• Ike Ukazu

2022, Here We Go



So much freaking crap has happened in this year. I feel like I've grown more this year than I have in the past couple of years.

This year, I've embraced the path of trying new things and going my own way in order to find things that makes my soul sing.

I, for one, am thankful for 2021 for the wisdom I have ascertained from it. Was it pretty? Not in the slightest. I took some bruises this year. For real. Had some dating mishaps. And learned limitations about myself when it came to leadership.


But I'm thankful for all of that. My relationship with God has grown stronger than it ever has been. In order to do that, I had to learn how to find my own answers and embark on my own Journey.


One of the hardest things about me embarking on my own journey of self discovery has been not always having immediate affirmation from an organization or a group or even a lover. It's in those moments where I have been thankful to have friends and family who have been with me longer than some of the organizations and groups I've been involved with to let me know where I stand and to give me a solid footing.


What I've learned is how to trust myself and to trust in the knowledge I have gained over the years. I've learned how to trust how something feels in my spirit. I like to call it intuition. It's that moment that I feel when I'm going on my own way and my spirit cries out within that this is where I am supposed to be.

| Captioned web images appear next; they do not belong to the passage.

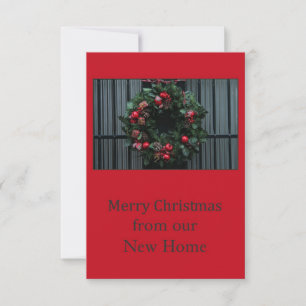 Merry Christmas from New Address Card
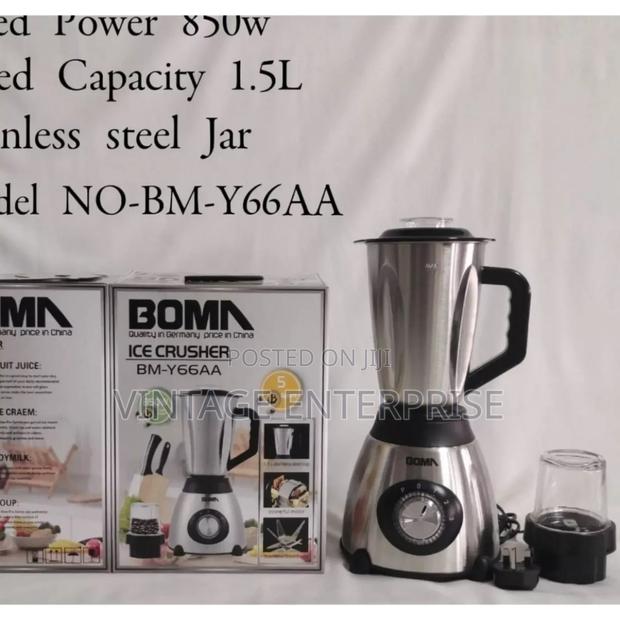 Boma 2 in 1 Electric Blender With Stainless Steel Jar 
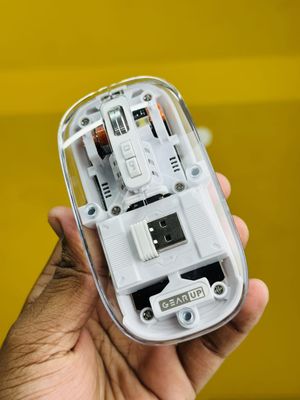 Gearup Wm30 Transparent 2.4g + Bluetooth Magnetic Mouse_img_0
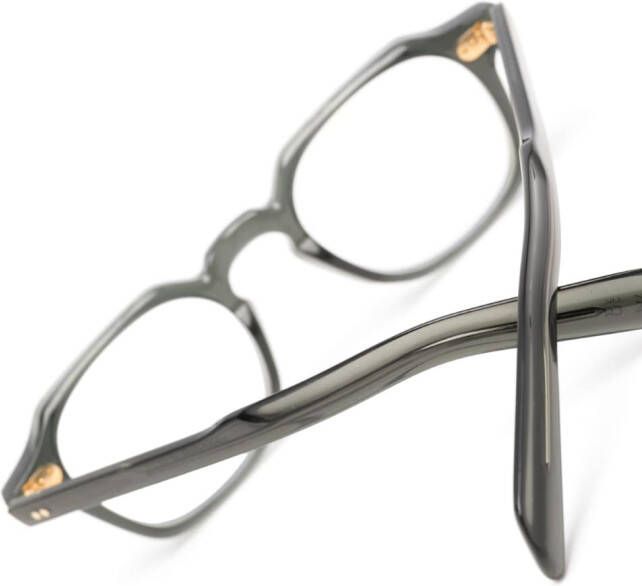Cutler & Gross Bril met vierkant montuur Grijs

At the end of the day, you are the only company that you will always be with. You are always going to be with you. Your friends and family are not always going to be there. For sure, the organization you're with and some of the acquaintances that you've met are certainly not going to be there for you. With that being said, the greatest relationship that you have to build is the one with yourself and of course, as a man of faith, I believe the one that you have with God.

I'm slowly learning how to let go in many aspects. I'm learning how to let go of others expectations. I'm learning how to let go of others opinions. In a spiritual context, I'm learning how to let go of my plans and things that I want for the life that God has created for me. I'm learning how to experience life as it comes and to enjoy whatever the present moment presents.

As for a theme for next year. It's going to be purpose. I'm still the kid who has dreams to change the world and even if not all the dreams happen, I'm at least going to have fun trying to see what sticks lol.

What have you learned this year?

What will be your focus for 2022? What word comes to mind?